The first evidence of settlement at Hunts Hill Farm dates to the Middle Bronze Age. Archaeologists found the slight traces of their settlement: just a few pits and postholes. More is known about the Late Bronze Age and Early Iron Age occupation: when a series of post-built round houses was built within larger enclosures. The needs of livestock were served by several large wells and waterholes, some of which contained the remains of dung beetles and the bracken that may have been used as fodder.
These people continued an earlier tradition of burying pots or pottery in the ground. One pit, dated 1000–800 BS, contained the remains of at least 28 smashed pots.
At the end of the Iron Age a large rectangular enclosure, about 60m by 50m, with a gateway facing north, dominated the hill. In the bottom of a ditch was a coin of King Cunobelin who ruled from Camulodunum (now Colchester).
After the Roman conquest much of Hunts Hill Farm was used as farmland. The Late Iron Age enclosure was remodelled, perhaps adapted as a stock enclosure. More fields or paddocks and animal enclosures were laid out and new wells or waterholes were dug. In their waterlogged deposits were the seeds of carrot, coriander and celery, and the head of a honey bee, one of only six known in Roman Britain.

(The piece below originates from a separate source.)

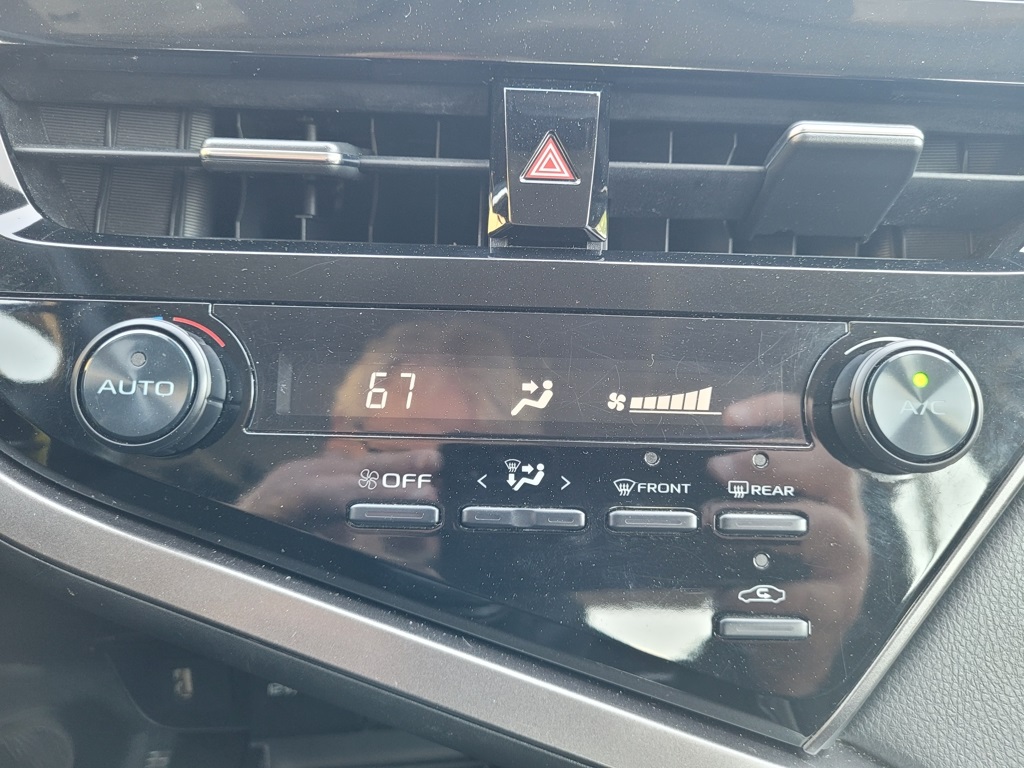 Vehicle image 13 of 19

Some of the Roman period inhabitants of the area were cremated and their ashes buried in pots, sometimes accompanied by flagons or cups. These cremations were usually set into or alongside the field ditches.

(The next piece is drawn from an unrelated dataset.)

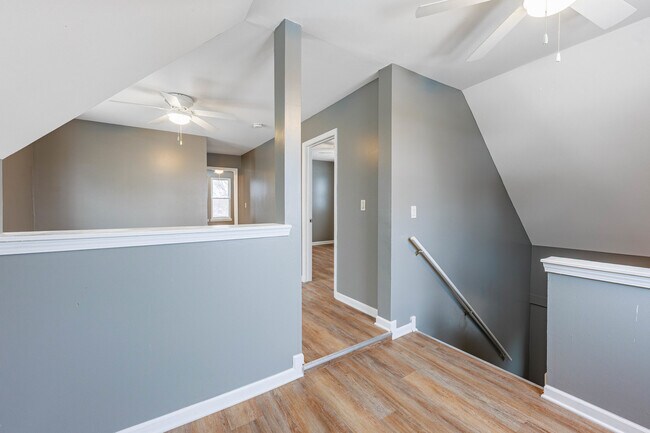 Building Photo - 2446 W 69th St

A small Early Saxon cemetery, perhaps of a family group was also lined up alongside a late Roman field ditch. Each was buried with a small iron knife, but one person had a glass bead and another a complete pot as grave goods. A settlement of this period was found at the southern end of Hunts Hill Farm where there was a well and traces of a timber house. Early Saxon pits and timber structures were also found at Whitehall Wood.

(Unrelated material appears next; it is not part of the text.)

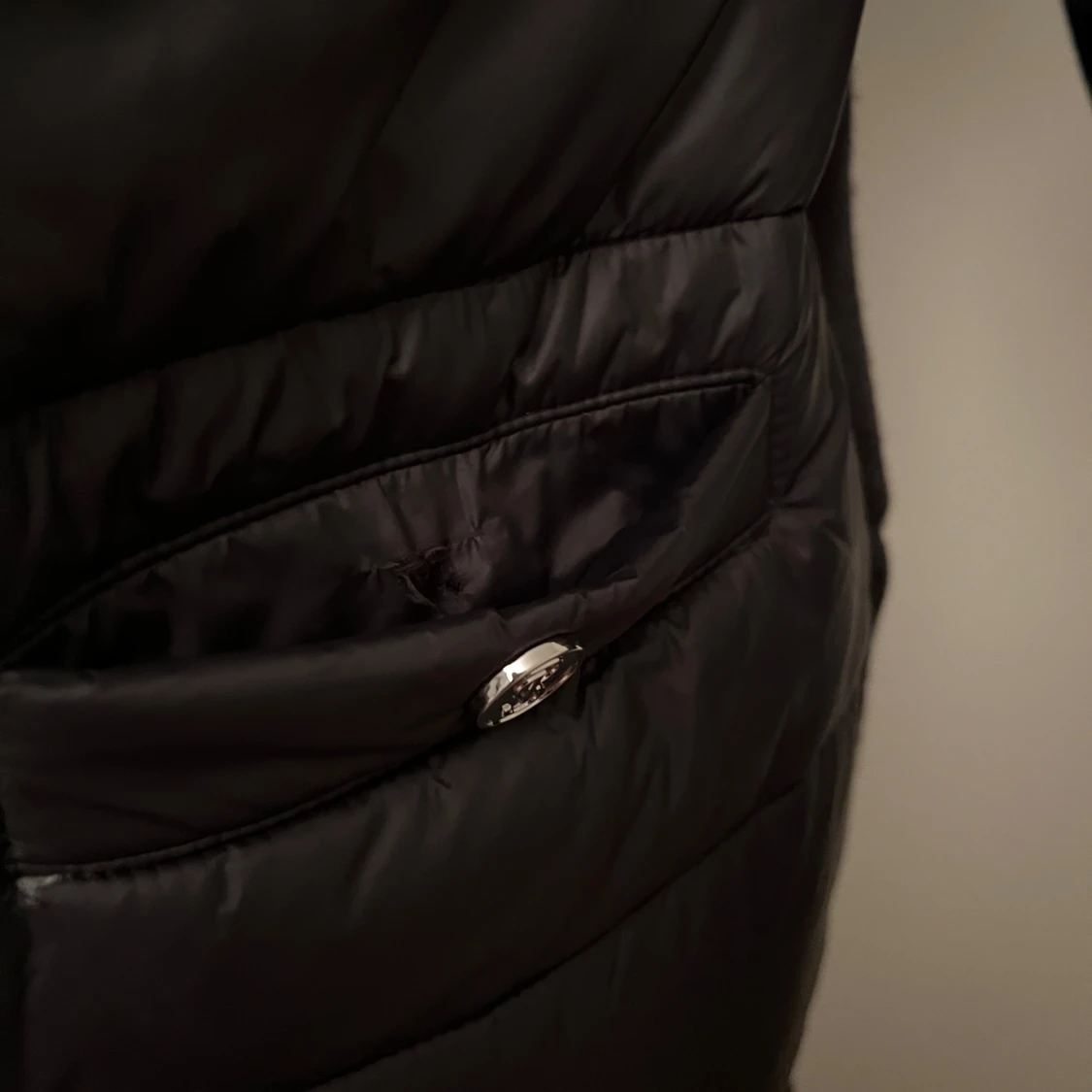 Svart dunväst från PS of Sweden - 4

In the early medieval period a hall-house with fields and a stave-lined well was built at Hunts Hill Farm. This was possibly part of the Domesday manor known to have been in the south part of Upminster parish.
Later the site became part of a medieval ridge-and-furrow field system. Farming continued through the 20th century, when part of the site became a garden centre, selling also fodder and hay, gas canisters and, most memorably, Christmas trees. World War I uniforms were buried in the soil to act as fertilizer and hundreds of buttons were dug up. Horses were grazed on the fields in later years. Small gymkhanas were held right up until the early 1990s leaving lots of ring-pulls from fizzy drink cans for the archaeologists to find.
These two sites lie east of Upminster in an area of higher gravel terrace that is now mostly used for arable farming and market gardening, though it has also been subject to intensive gravel extraction.
A few stray flint implements of the Mesolithic period from Manor Farm are the only evidence of early prehistoric people in area. Although there was a small amount of Late Bronze Age pottery at Manor Farm, most of the evidence for prehistoric settlement – including curvilinear gullies that may have marked the site of a round house – date to the Early to Middle Iron Age.
During the Later Iron Age a pair of large, roughly rectangular defensive enclosures dominated the Great Sunnings Farm site. These were linked and had steep-sided ditches about 4m wide and 2m deep. People continued to live here during the early Roman period, dumping rubbish in the old ditches and digging wells or waterholes for stock. During the 2nd century a system of long narrow fields had been laid out across the site.
At Manor Farm a small Early Roman cemetery of five cremation burials included the burial of a young woman, whose ashes were placed in a pottery flagon. Some of these people were buried with pottery jars and small flagons.
A few fragments of Early Saxon pottery show that people still lived on the Manor Farm site after the Roman period, although little is known of this period.